Following his earlier decision in the criminal cases, on October 13 Senior Judge J. Charles Thompson disqualified the entire Washoe County bench from all civil cases against Mack. Charla Mack's estate and attorneys on behalf of her daughter filed civil cases for damages in the wrongful death of Charla.

The trial was moved to Las Vegas. Clark County District Judge Douglas Herndon was appointed to the case.

On November 5, 2007, Mack pleaded guilty to first-degree murder of his ex-wife and entered an Alford plea to the attempted murder charge of Judge Weller. This was just before the trial was to begin, in exchange for a recommendation by the prosecutor for life in prison with parole available after 20 years. The judge was not bound by this sentencing recommendation. Mack said during the plea, "I do understand right now in my state of mind that shooting at the judiciary is not a proper form of political redress".

Mack later hired a new defense attorney, William Routsis, and attempted to withdraw his pleas. He said he was coerced by Chesnoff and Freeman and that his signature was forged. Judge Douglas Herndon denied Mack's motion to withdraw, which was filed by his new attorney. During Mack's sentencing, Routsis continued to renew his requests for Herndon to grant Mack a new trial.

Under the terms of the plea agreement, Herndon sentenced Mack to life in prison for murdering his wife. For the attempted murder of Judge Weller, with a deadly weapon enhancement, he sentenced Mack to the maximum of 40 years, with parole eligibility after 16 years. The sentences are to run consecutively, rendering Mack ineligible for parole for at least 36 years. Another hearing on his arguments was scheduled for April 2008.

On March 18, 2008, a Washoe County jury delivered a $590 million settlement against Mack in the wrongful-death lawsuit of his wife, Charla. $560 million was awarded to the couple's young daughter, Erika, with the remainder to go to his wife's estate.

===Appeals===

Mack continues to appeal his conviction on the grounds that he pleaded guilty under duress. He is also appealing the $590 million civil judgment.

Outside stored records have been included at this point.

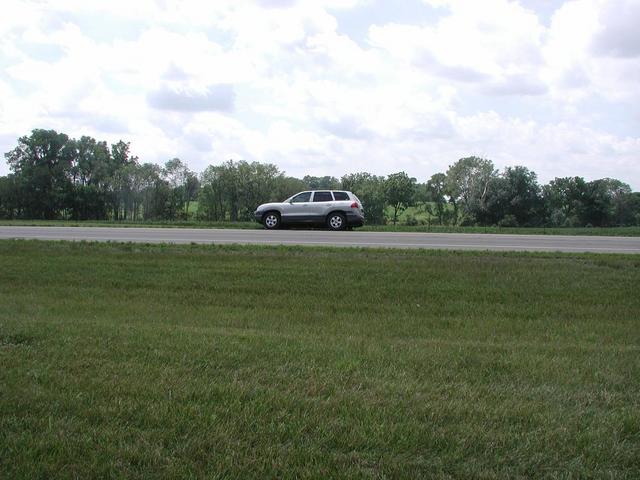 View West from near the confluence point. (Our rental car across Ohio SR-235.)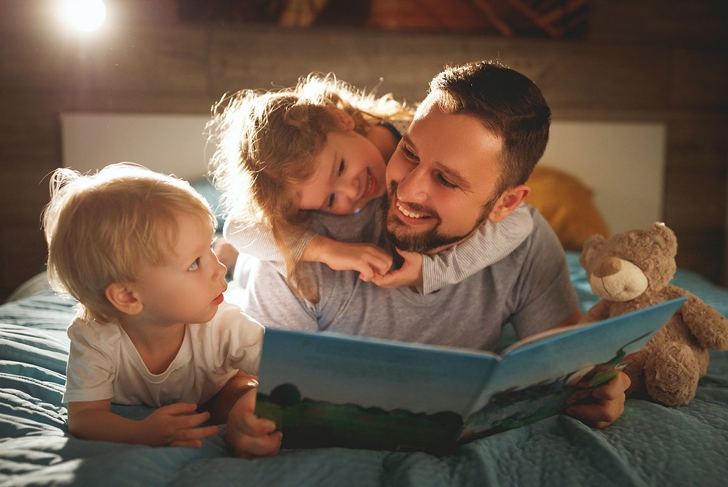 evening family reading. father reads children a book before going to bed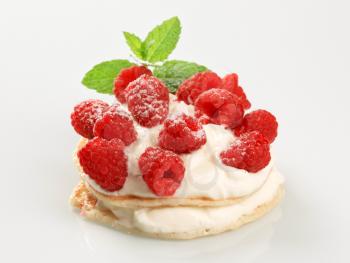Pancakes with sweet creamy cheese and fresh raspberries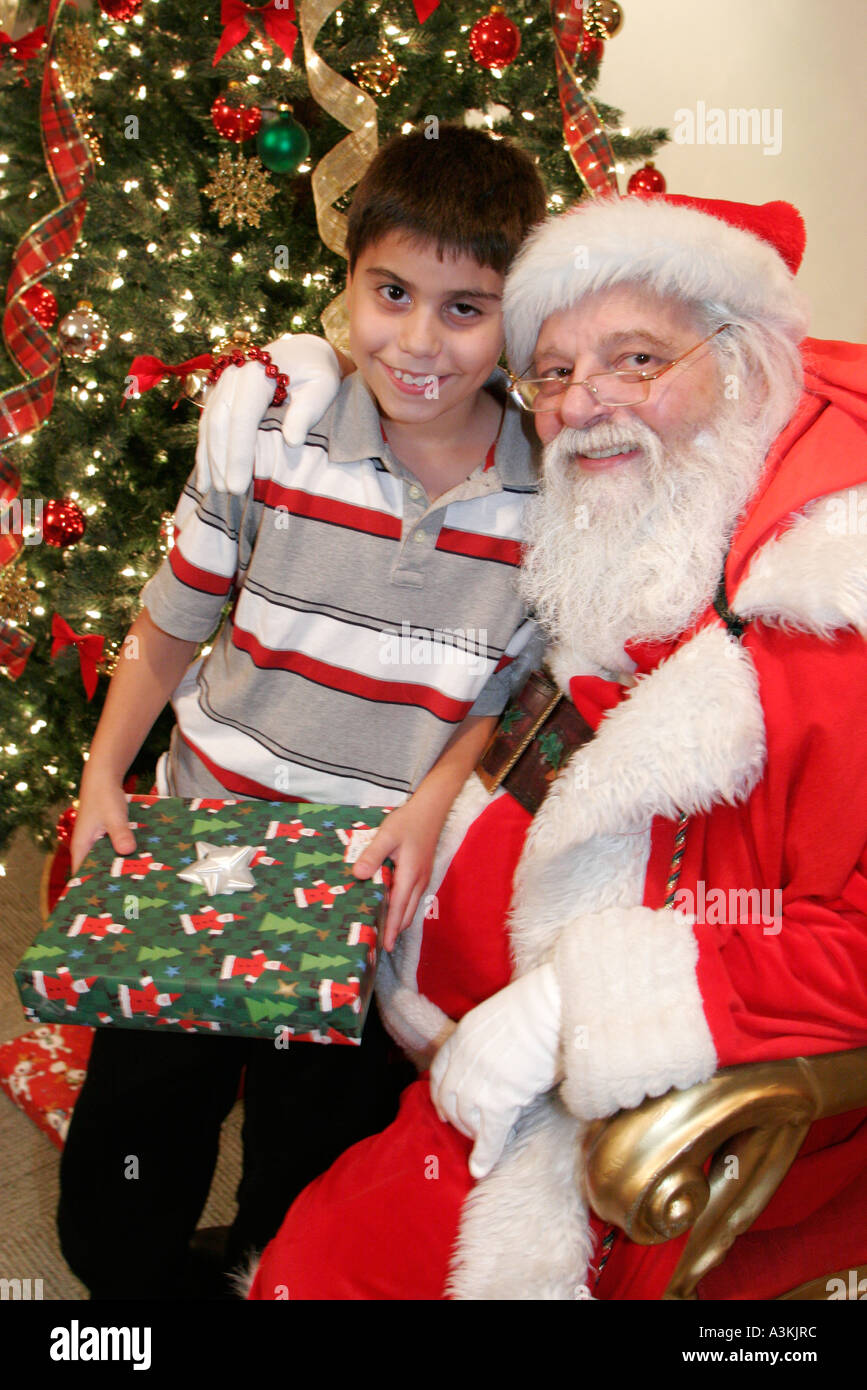 Miami Florida,office Christmas party,Santa Claus,Hispanic Latin Latino  ethnic immigrant immigrants minority,boy boys lad lads male kid kids child  chil Stock Photo - Alamy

Judge Weller has filed a personal injury civil lawsuit against Mack, seeking compensatory and punitive damages.

Mack's appeal, which was based on the argument that the judge should have allowed him to withdraw his guilty plea, was heard by the Nevada Supreme Court in 2010, which denied it. In February 2012, Mack raised this issue again in a petition filed in United States District Court.